Three longtime banks for private equity firm KKR & Co LP (KKR.N) have snubbed a request for a $725 million buyout loan over concerns it is too risky to pass muster with U.S. regulators, sources familiar with the situation said on Thursday.
The banks had funded a similar deal six months earlier.
The Federal Reserve, the Office of the Comptroller of the Currency and the Federal Deposit Insurance Corp jointly issued guidelines in March 2013 that require banks to cut down on junk-rated loans that would raise the debt levels of a company beyond certain thresholds.
Last month, regulators launched an annual examination of banks' loan books, known as Shared National Credit reviews, and stepped up enforcement of the guidelines. The reviews will likely determine to what extent banks can make exceptions to the guidelines, which have been criticized by many leveraged finance professionals as ambiguous.

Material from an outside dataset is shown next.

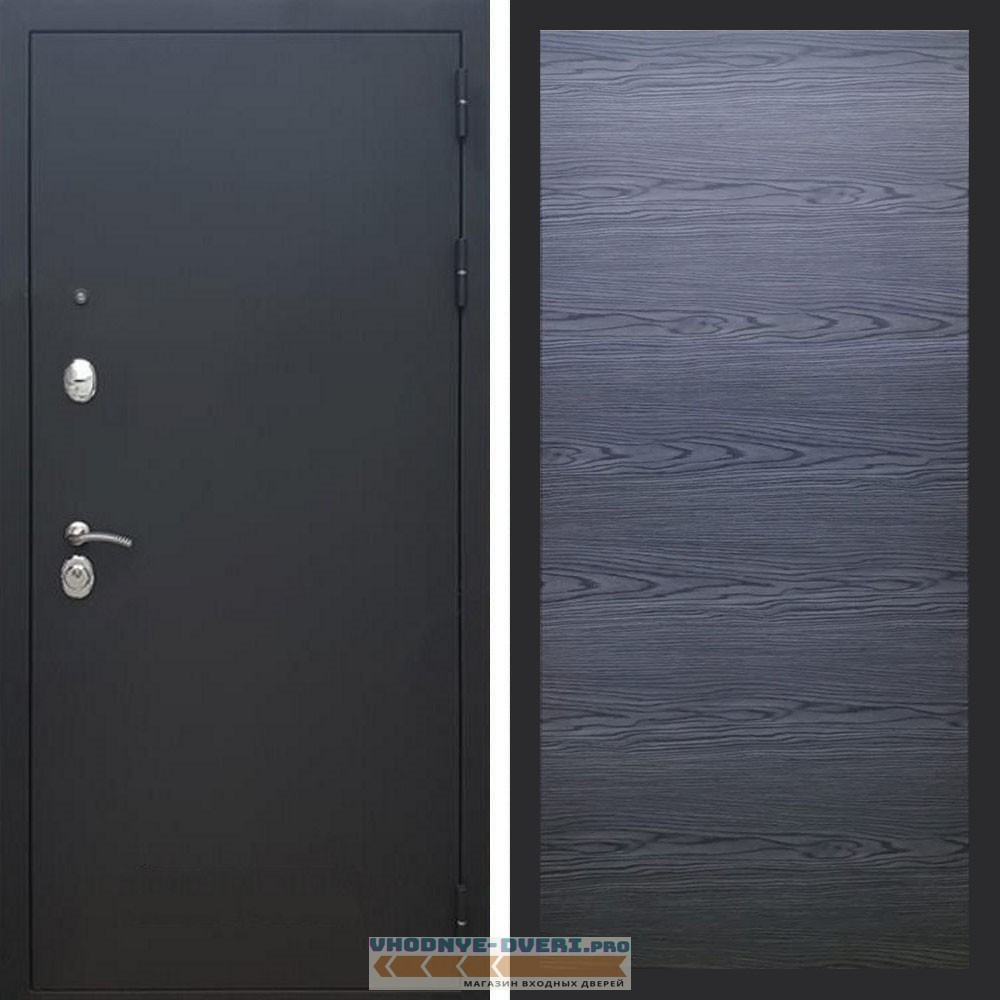 Входная дверь REX (Рекс) 1А Муар Чёрный дуб тангент черный горизонт софт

In December, Morgan Stanley (MS.N), Credit Suisse Group AG (CSGN.VX) and Goldman Sachs Group Inc (GS.N) were among banks that helped finance KKR's $1.6 billion leveraged buyout of landscaping company Brickman Group Ltd. Morgan Stanley and Credit Suisse had the lead roles in that deal.
At the time, Moody's Investors Service pegged Brickman's leverage at 6.8 times its annual earnings before interest, tax, depreciation and amortization (EBITDA). Under the regulatory guidelines, leverage in excess of six times EBITDA raises concerns for most industries.